Give back the records below verbatim, please, but without a single image.

BEGIN Given data

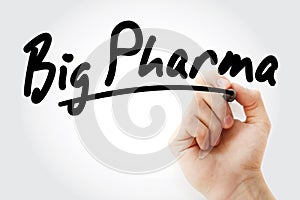 Hand writing Big pharma with marker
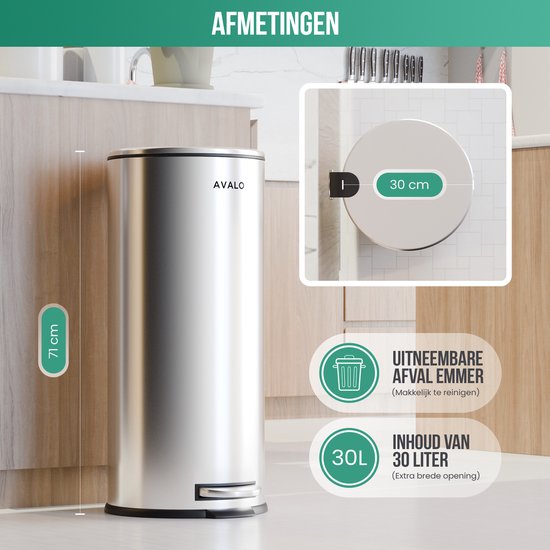 Avalo Tret-Abfalleimer 30L - Edelstahl Silber - Soft Close - Tret-Abfalleimer 30 Liter - Mülleimer 30 Liter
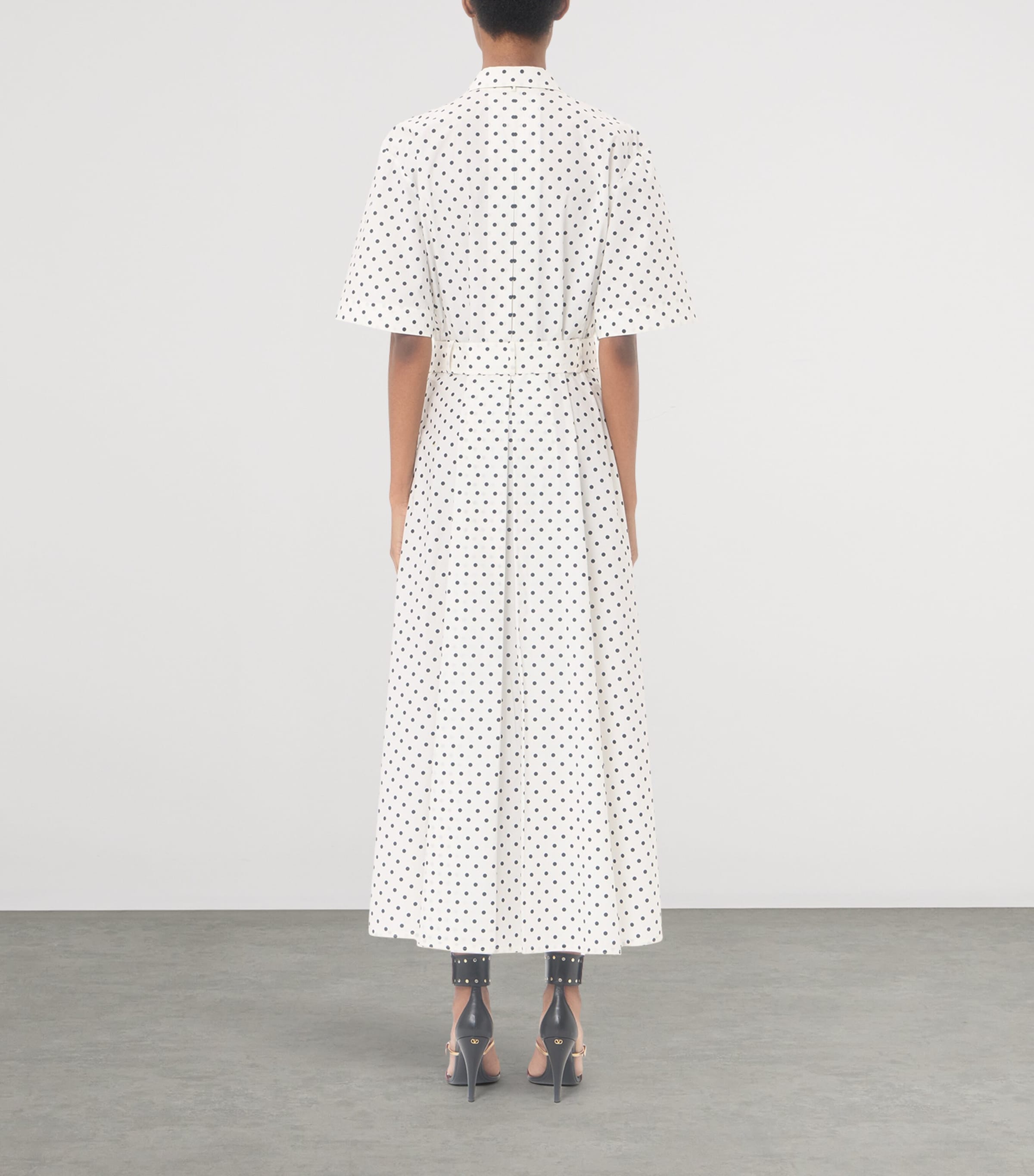 Valentino Womens Cotton Polka-Dot Midi Dress Image 5
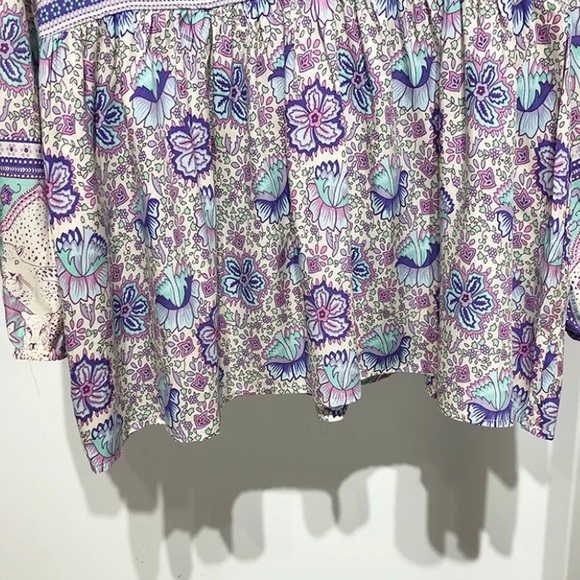 Boho Floral & Leopard Purple Button Neck Blouse - Picture 4 of 6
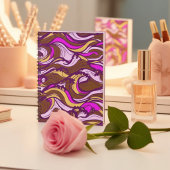 Sepia Abstract Pebble Bean Repeating Pattern Notizblock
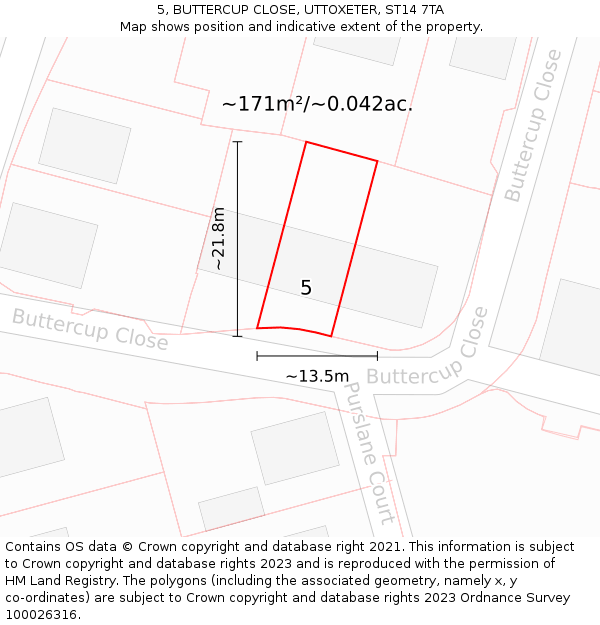 5, BUTTERCUP CLOSE, UTTOXETER, ST14 7TA: Plot and title map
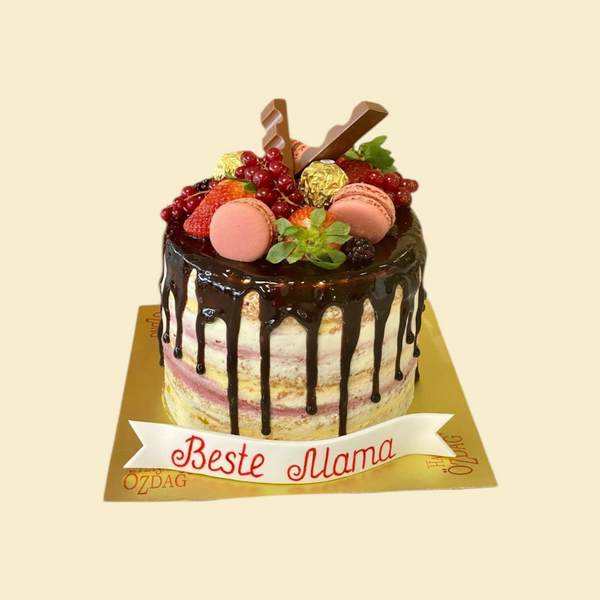 Beste Mama Drip Cake mit Früchten & Schokolade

END Given data

Response to this task:
 Hand writing Big pharma with marker
 Avalo Tret-Abfalleimer 30L - Edelstahl Silber - Soft Close - Tret-Abfalleimer 30 Liter - Mülleimer 30 Liter
 Valentino Womens Cotton Polka-Dot Midi Dress Image 5
 Boho Floral & Leopard Purple Button Neck Blouse - Picture 4 of 6
 Sepia Abstract Pebble Bean Repeating Pattern Notizblock
 5, BUTTERCUP CLOSE, UTTOXETER, ST14 7TA: Plot and title map
 Beste Mama Drip Cake mit Früchten & Schokolade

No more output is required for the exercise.